ФЧ У меня никогда и в мыслях не было обращаться к более поздним версиям «Голландца» – зачем? Первая редакция – шедевр точности, графичности, структурности, но главное – это высказывание по-настоящему радикального художника, произведение, написанное человеком, вставшим на путь воина, путь бескомпромиссного творческого поиска. Версия 1841 года лишает исполнителей возможности на эмоциональную передышку – накал не ослабевает в ней ни на секунду. Готовясь к постановке в Перми, мы часто вспоминали о том, что «Голландец» был написан Вагнером за семь недель в каком-то едином лихорадочном порыве – как будто он не мог прерваться в процессе сочинения, пока не поставит финальную точку. Мне кажется, это лихорадочное состояние есть и в партитуре с ее сквозной формой, остающейся революционной по сей день.

ДР «Летучий голландец» – сочинение, что называется, «мерцающей идентичности». С одной стороны, сам Вагнер считал его своей первой зрелой оперой – неслучайно она открывает «байройтский канон». Напомню, что в него входят десять опер Рихарда Вагнера, постановка которых осуществляется в рамках Байройтского фестиваля, – половину из них определил сам композитор, а другую половину добавила его вдова, Козима Вагнер. «Летучий голландец» – самая ранняя опера, входящая в «байройтский канон»: Вагнер не включил в него «Фей» (1833), «Запрет на любовь» (1836) и «Риенци» (1840), считая их ученическими произведениями. Но одновременно это разноязыкая и разностильная партитура, написанная очень молодым человеком, который только нащупывает свой «путь воина», – кстати, именно на этом свойстве языка «Голландца», его эклектике, в ходе репетиций заострял особое внимание артистов Константин Богомолов.

Филипп Чижевский, Константин Богомолов, Лариса Ломакина. Фото: Андрей Чунтомов

ФЧ Из стилевых и жанровых моделей, которыми Вагнер жонглирует в «Голландце», и в самом деле можно составить целый каталог: речитативы secco, речитативы accompagnato, шубертовская Lied, абсолютно импрессионистские по звучанию эпизоды, классицизм, над которым он так изящно смеется: Дональд с его неуклюжими группетто, скажем, выглядит совершеннейшим двойником моцартовского Лепорелло… Все это как-то удивительно органично сосуществует в сознании композитора – причем он, что характерно, не стремится спрятать швы, а, наоборот, выворачивает их наружу, подчеркивая и гиперболизируя все острые углы, возникающие на границах разных стилей. Когда ты слушаешь «Голландца», в воображении рисуется образ Франкенштейна, сотворенного из частей тела других людей, – не пугающий, но невероятно притягательный. Вообще, молодой Вагнер чем-то напоминает мне Стравинского – в «Летучем голландце» есть похожее сочетание расчета и страсти.
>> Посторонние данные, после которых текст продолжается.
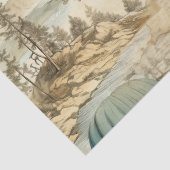  heteluchtballon in een sereen landschap (7) tissuepapier (Detail)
ДР В работе над каждым новым произведением важно интуитивно или логически отыскать точку отсчета, по которой в дальнейшем можно выстраивать систему координат интерпретации. Что стало таким «нулевым меридианом» в «Летучем голландце»?

ФЧ Когда Ларс фон Триер снимал «Меланхолию», он с самого начала знал, что основой фильма станет вступление к «Тристану и Изольде». Режиссер показывает нам наступление конца света – но делает это в сугубо камерных декорациях, рассказывая историю одной отдельно взятой семьи. Музыка Вагнера позволяет пережить путь от становления мироздания до краха Вселенной за сравнительно небольшой отрезок времени – и в «Летучем голландце» это очень слышно. Ключом, задающим всю систему координат, для меня стал дуэт Голландца и Сенты из второй картины, перерастающий затем в трио и в огромную хоровую сцену, – дуэт-восхождение, в котором мы вместе с героями поднимаемся из Марианской впадины к вершине Джомолунгмы. Вагнер начинает его с еле слышных ударов литавр и соло Голландца, возникающего на фоне молчащего оркестра, – эта центральная тишайшая кульминация перекрывает по силе эмоционального воздействия все последующие tutti. Дуэт написан в ми мажоре – тональности, ассоциирующейся у Вагнера в первую очередь с «Зигфрид-идиллией» – едва ли не самым интимным, исповедальным произведением, написанным в счастливые для композитора годы в качестве подарка супруге, только что родившей ему сына. Ми мажор – тональность с четырьмя диезами, четыре диеза – это четыре креста, в старой немецкой традиции – символ спасения.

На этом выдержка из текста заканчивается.